This writing operation is done by the processor 1110c in the host
adapter 1100c connected to the sub-controller. Next, the main
controller 1000 collects the statuses of all sub-copy groups
registered with the copy group and determines a "status" of the
copy group. The process of determining the status of the copy group
is the same as that of the sub-copy group. The "status" thus
determined is written in the status column of the copy group list
in the main controller.
[0126] Referring to FIG. 5, an example procedure for determining
the status is described as follows.
[0127] Looking at 6F in the sub-copy group list, a sub-copy group
number 3 has all its registered logical disks 4, 9 (in 7C of
logical disk list) in a steady state and therefore the status of 6F
is also "steady". Further, since 6E and 6F are all steady, the
status of 5C in the copy group list 1420 is "steady".
[0128] When a status of the copy group is notified as requested by
the host 100, a status of the associated entry in the copy group
list is used.
2.2 Fault Operation
[0129] A fault operation during copy processing differs depending
on the consistency assurance level specified in the copy group list
1420. That is, in the case of "completely assured" level, all the
volumes or storage areas registered with the copy group are frozen.
In the case of "sub-group" assured level, the associated sub-group
is suspended.
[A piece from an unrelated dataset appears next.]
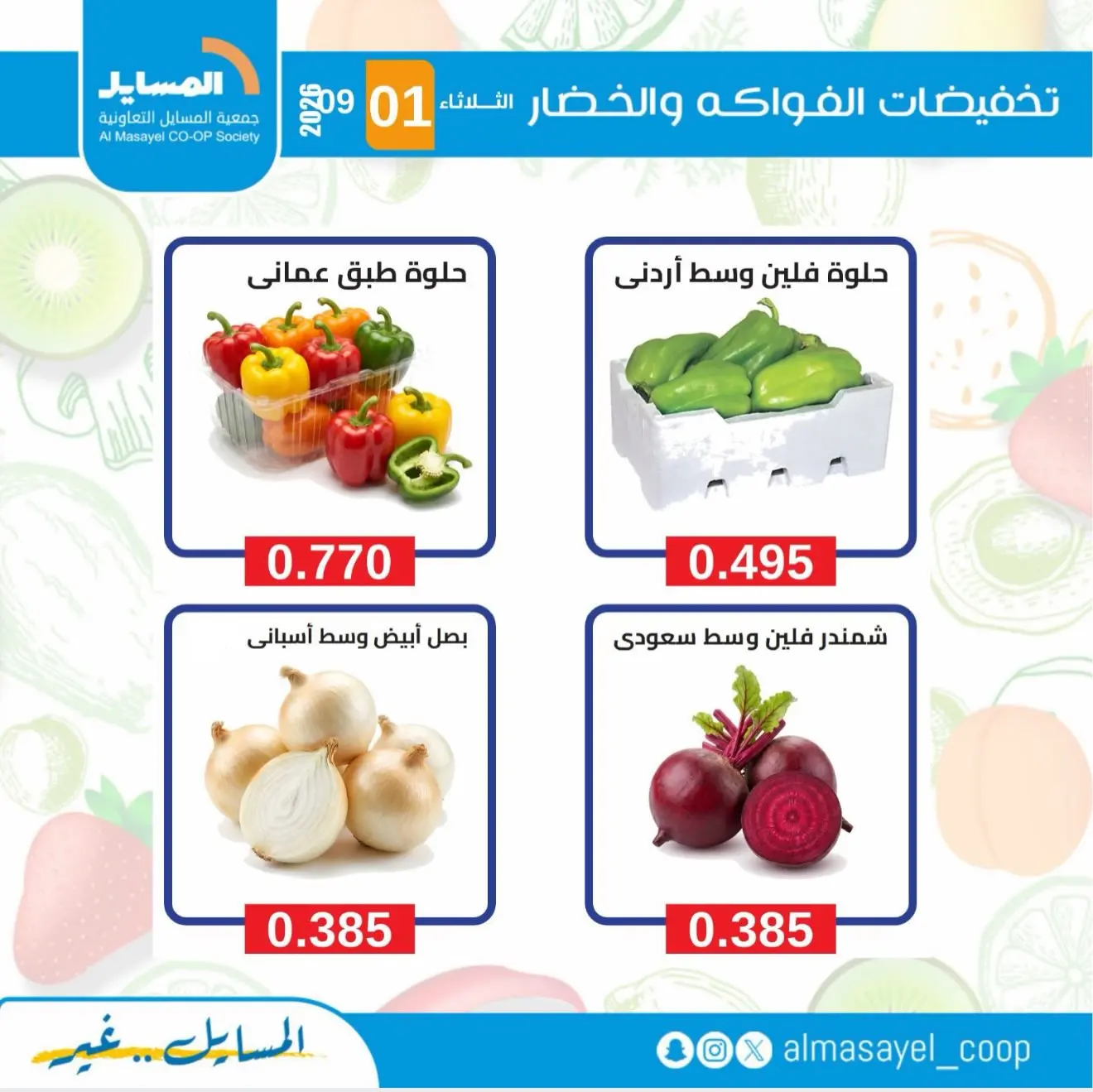 عروض جمعية المسايل التعاونية الثلاثاء ١ سبتمبر ٢٠٢٦ عروض الخضار والفواكه - جمعية المسايل التعاونية - الكويت - 1 سبتمبر 2026 – 1 سبتمبر 2026 - صفحة 7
In the case of "unassured" level, the associated
logical disk is suspended.
[0130] A fault operation with "completely assured" level is
realized as follows. Since the consistency group is set in a range
of copy groups, a fault freeze operation of asynchronous remote
copy is realized by performing the conventional fault freeze
operation for the asynchronous remote copy. This freeze processing
itself is a normal operation by the main controller.
[0131] A fault freeze operation of synchronous remote copy is
realized by freezing write data registered with the cache 1200.
This is because in the synchronous remote copy the IO command from
the host is first stored in the cache 1200 and then successively
executed. That is, when a synchronous remote copy fault is detected
by the main controller, the processor 1110 that detected the fault
stops the transfer of the write data in the cache 1200 to the copy
processing. At the same time the processor performs a procedure for
fault freeze of copy processing on the associated logical disks in
the copy group. After the procedure for fault freeze of copy is
temporarily halted, the procedure for stopping the transfer of
write data in the cache to the copy processing is canceled.
[0132] A fault operation with "sub-group" assured level is realized
as follows. Since the consistency group is set in a range of
sub-copy groups, a fault suspend operation of asynchronous remote
copy is realized by performing the conventional fault suspend
operation for the asynchronous remote copy. This suspend processing
itself is a normal operation by the main controller.
[0133] In the case of synchronous remote copy, since the sub-copy
group is always set with a single logical disk, a fault suspend
operation is performed on faulted logical disk pairs registered
with the copy group. The suspend operation itself is performed by
the processor 1110 in the host adapter.
[0134] A fault operation with "unassured" level is realized as
follows. In the case of synchronous remote copy, the procedure is
the same as that for the sub-group assured level. In the case of
asynchronous remote copy, a suspend command is issued to the failed
logical disk of the sub-copy group. To realized this it is
necessary to specify ignoring the consistency assurance of the
consistency group when creating the sub-copy group.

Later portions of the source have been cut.